Here’s a wake-up call for WordPress site owners—if you’re running the WP Ghost plugin, it’s time for a critical update. And yes, we mean right now.
WP Ghost, a security plugin trusted by over 200,000 sites, was found to have a severe vulnerability—one that allowed attackers to take over entire websites using Remote Code Execution (RCE). All versions up to 5.4.01 are affected. If that’s what you’re running, upgrade to 5.4.02 immediately. No exceptions.
Table of Contents
So what went wrong?
According to researchers at Patchstack, the plugin had an unauthenticated Local File Inclusion (LFI) flaw. In plain English? The plugin wasn’t doing enough to filter what users could sneak into a URL path. This oversight gave attackers a backdoor—one they could use to execute malicious code and, essentially, hijack your entire site.

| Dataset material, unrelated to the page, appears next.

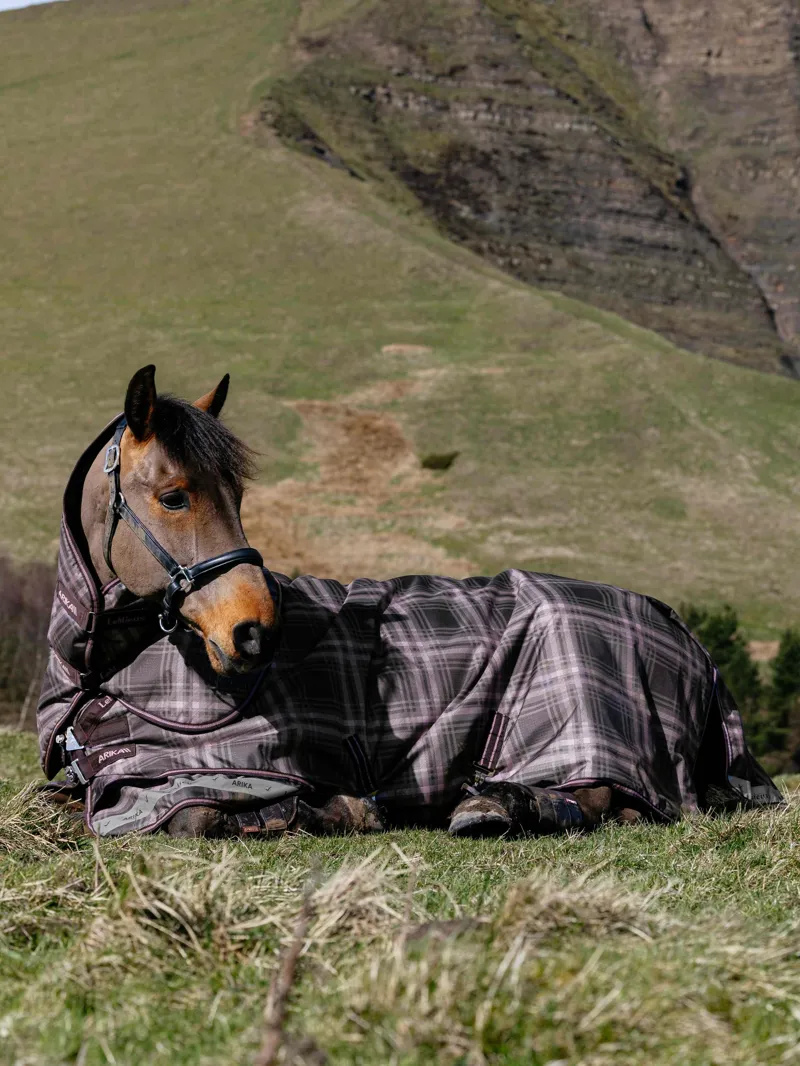 LeMieux Arika 200g Heritage Check Turnout Rug - Cocoa-3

The flaw, now tracked as CVE-2025-26909, scored a jaw-dropping 9.6 out of 10 on the CVSS severity scale. That’s not just high—it’s critical. Fortunately, WP Ghost’s developers have since patched the issue by adding stricter validation rules to URL and file paths. A smart move, albeit overdue.
Now here’s where it gets even more eye-opening.
WP Ghost isn’t some obscure plugin collecting digital dust—it boasts protection against SQL injections, cross-site scripting, directory traversal attacks, and a host of other threats. Its website proudly claims to block 140,000 attacks and over nine million brute-force attempts every single month. Impressive, right?
But even the strongest armor can crack if you don’t maintain it.
As Patchstack bluntly put it, “When working with user-provided data for a local file inclusion process, always implement a strict check on the supplied value and only allow users to access specific or whitelisted paths or files.” In other words, security starts with caution—and ends with vigilance.
WordPress is a powerhouse of a platform, no doubt. But its open ecosystem of third-party plugins and themes? That’s both its strength and its Achilles’ heel. While the freedom to customize is wonderful, it comes with a catch—you have to keep everything updated. Religiously.